Rael Manzano also wore a circlet. 'We could not believe what we saw,' he said. 'We stared at it for an hour at least. Such unexpected beauty!'

'I believe a demonstration is in order,' Cho Wing-James told Tony. 'We'll run it from the beginning, let you see for yourself.'

The silvery flow in the big window blinked out, resumed. At first, Tony saw only a uniform stream of mercury light, but then he felt a weird moment of doubling, as if he was watching himself watch the window, and began to make out knots and vortices like unstable whirlpools, or the teardrop shapes that water currents made in rivers when they divided around obstacles. The patterns were everywhere he looked, and there were patterns within the patterns. An eternal silver braid flowing past, beautiful and compelling . . .

'That's enough, I think,' someone said, and the window blanked and he came to himself with a start.

'You see?' Cho said. 'You see?'

'I saw something,' Tony said. 'But I don't know what it was.'

'Similar patterns were discovered more than a century ago,' Cho said. 'Only those infected with a specific and very rare kind of eidolon can see them. Apparently, that is what infected us.'

'And it has spoken to us,' Eli Tanjung said. 'It has shown us the way.'

'Some of us have felt a compulsion to draw diagrams similar to the one I showed you,' Cho said. 'We believe that it is something encoded within those patterns. Its meaning isn't clear, not yet, so we are hoping to stimulate our eidolons into providing us with more examples.'

That was what the wizards had been doing when Tony had arrived. Taking turns to wear circlets that with pulsed magnetic fields poked and pried at the eidolons in their heads, trying to stimulate them, trying to make them reach into the narrative code and pull out something comprehensible. If the stromatolites contained data relevant to sleepy sickness and other meme plagues, Cho said, tugging at stray strands of his hair, this was their best chance of finding it.

Tony told Aunty Jael again that he wanted a word in private. When he climbed up to the balcony, pushing through the dull hum of its privacy screen, another hand was waiting there one of the skinny white-skinned hands, this one with a stencilled 3 on its chestplate.

'Just how dangerous is this eidolon?' he said.

Thinking about it made the inside of his skull itch.

'It is hard to say. However, it appears to interact only with Ghajar narrative code.'

'I suppose that I'm also infected. As is Lancelot Askia.'

The idea that his uncle's man harboured a copy of the eidolon gave Tony a thin satisfaction.

'I have tested the neural activity of the wizards,' Aunty Jael said. 'All of them possess the characteristic signature of the eidolon. If you like, I could also test you. As for Mr Askia, I doubt that your uncle would give me permission.'

'What about you? Are you infected?'

'Alas, no. My mind is fixed. Also, the eidolon appears to have infected only those in the immediate vicinity of the light storm.
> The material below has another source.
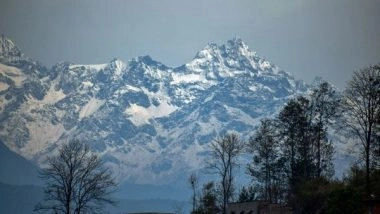 World News | Experts Discuss China's Infrastructural Ambitions in Himalayan Region During Recent Webinar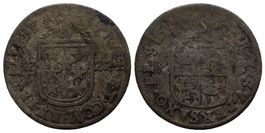 Wallis Batzen 1722 /2503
Several of my hands were caught up in it, but my mind was, of course, elsewhere.'

Tony remembered when he had first seen Aunty Jael's true self. He had been eight, about to become her pupil. Ayo had taken him down to the basement of the laboratory, to a small room lit by a warm blood-red glow, with a ladder of shelves holding what looked like the spines of printed books. His big sister had put on white cotton gloves and pulled out one of those books, showed Tony that it was a slice of brain just a few nanometres thick in a rectangular leaf of grainy plastic.

'The plastic contains circuitry that infiltrates the laminated cytoarchitecture,' Ayo had said, holding the plastic leaf in gloved hands. 'And the circuitry of each leaf is connected to all the others. The brain provides the template for the mind that is generated by all of this, and the circuitry animates it. All this, everything on these shelves, is needed to support an imperfect simulation of a single human mind. Remember that, little brother. Aunty Jael may appear cleverer than us, but that is only because she is able to think faster. It is a shallow kind of thinking, and her viewpoint is fixed. Unlike us, she is unable to change. And that, in the end, is what counts.'

Tony said now, 'So far all it has given us is that funny diagram. And we do not know what it means.'

'Not yet,' Aunty Jael said.

'And even if they can use this eidolon to translate the stromatolite data, they may not find anything that can be used to understand and treat sleepy sickness.'

'I am cautiously optimistic,' Aunty Jael said.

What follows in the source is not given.